WATCH: South Africa’s aviation system has 0% fatal accident rate with commercial airlines and the best safety systems in Africa, says transport minister

Transport Minister Sindisiwe Chikunga, South African Civil Aviation Authority CEO Poppy Khoza and ACSA CEO Mpumi Mpofu. Picture: ACSA/X

Transport Minister Sindisiwe Chikunga, South African Civil Aviation Authority CEO Poppy Khoza and ACSA CEO Mpumi Mpofu. Picture: ACSA/X

Published Mar 7, 2024


South Africa’s aviation systems are the best in Africa and among the top 20 safest in the world.

Transport Minister Sindisiwe Chikunga held a briefing on the state of the aviation sector and upcoming developments attended by ACSA CEO Mpumi Mpofu, South African Civil Aviation Authority CEO Poppy Khoza and Air Traffic Navigation Services (ATNS) CEO Nozipho Mdawe in Pretoria on Tuesday.

According to the transport minister, South Africa participated in 4 key international safety and security audits and assessments by the International Civil Aviation Organization (ICAO), and the United States safety and security regulators namely, the Federal Aviation Administration (FAA) as well as the Transportation Security Administration (TSA) in the past 4 years.

She said ICAO rated South Africa’s safety oversight system at 91.11% thereby placing it at number one in Africa and number 18 in the world, alongside Norway.

“I am elated to announce that South Africa performed very well in all these audits and assessments.
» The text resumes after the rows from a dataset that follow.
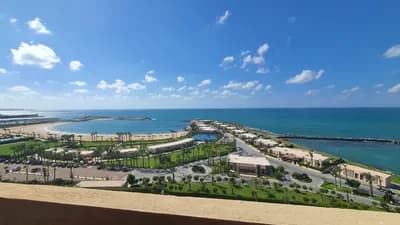 شقة للبيع في سان ستيفانو بحر مباشر in الإسكندرية, سان ستيفانو - 11,000,000 EGP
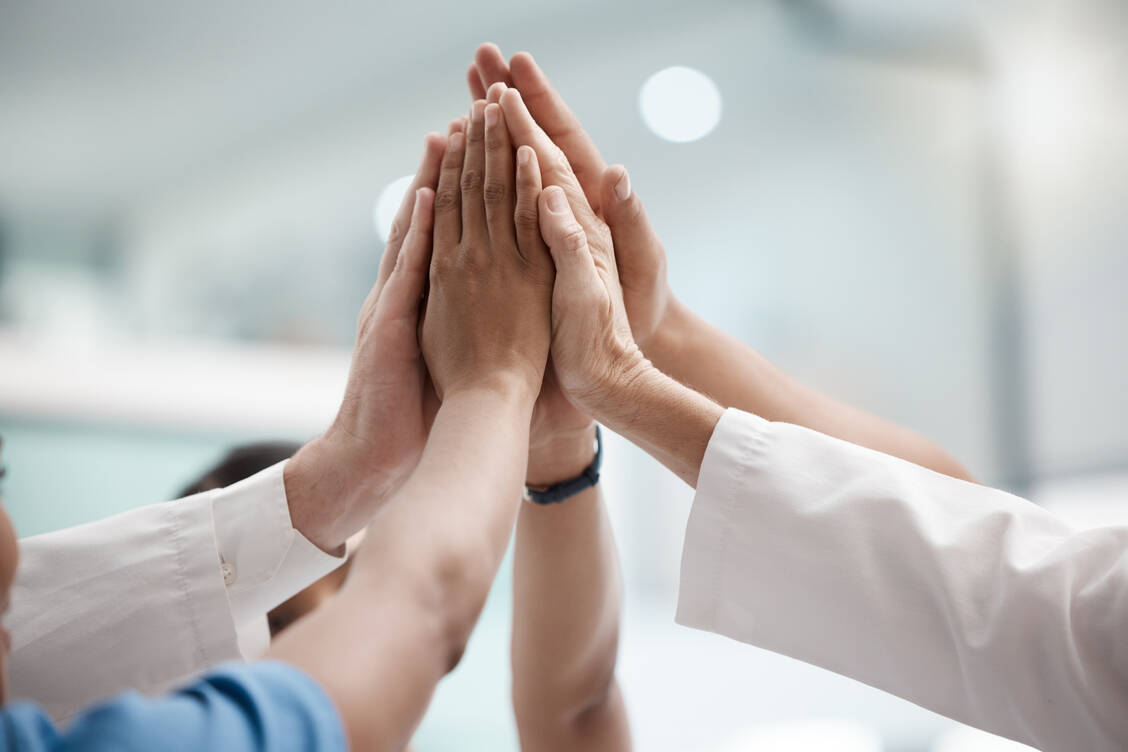 Unterschiedliche Berufsgruppen bringen unterschiedliche Erfahrungen und Fertigkeiten mit in die Vereinsarbeit. / © Getty Images/PeopleImages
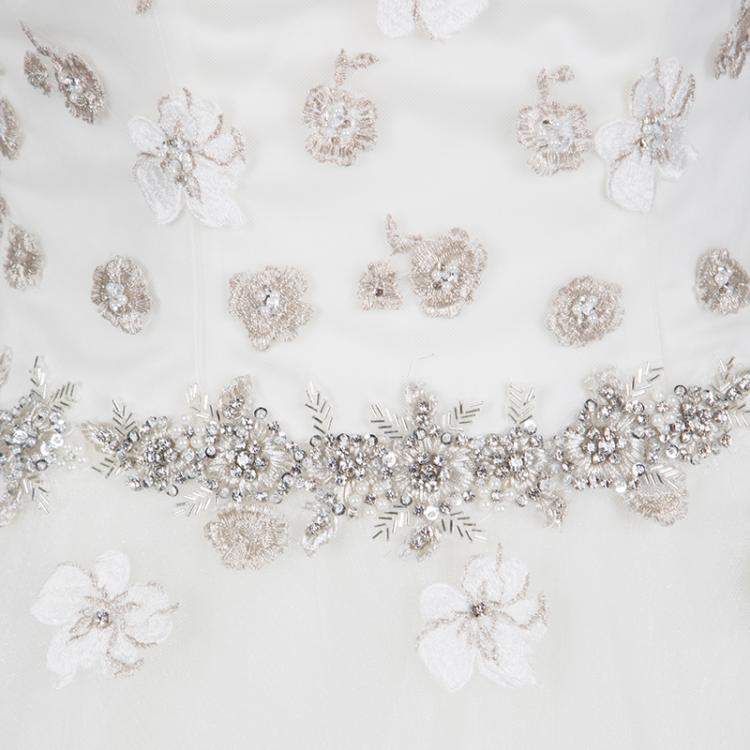 مملوكة مسبقًا Justin Alexander Signature White Off Shoulder Floral Embroidered Embellished Tulle Wedding Gown M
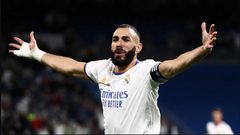بنزيما لاعب الموسم في ريال مدريد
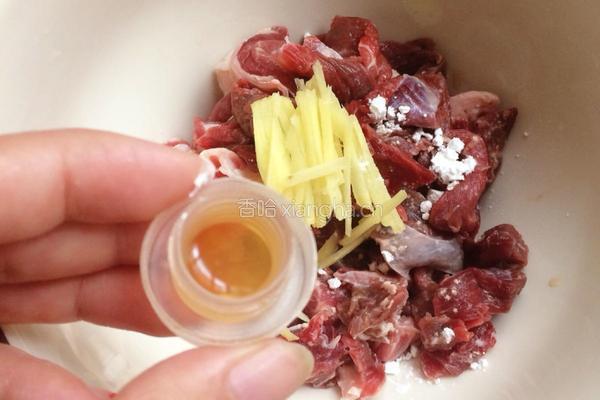 芹菜炒牛柳的做法图解2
The US-Federal Aviation Administration (FAA) recognised South Africa's safety oversight system as meeting ICAO’s safety standards and recommended practices and therefore confirmed that South Africa retains its Category 1 status with the standards of the United States International Oversight Safety Audit (IOSA) Programme,” said Chikunga.

In her speech, she also revealed that The Transport Security Administration granted South Africa’s cargo security system permanent recognition following an assessment of the South African Civil Aviation Authority (SACAA) and that South Africa still holds the European Union (EU) recognition for the States cargo security system.

The transport minister also said that South Africa is proud of its continued 0% fatal accident rate held in the commercial airlines sector for nearly four decades and hopes to continue on this path for decades to come.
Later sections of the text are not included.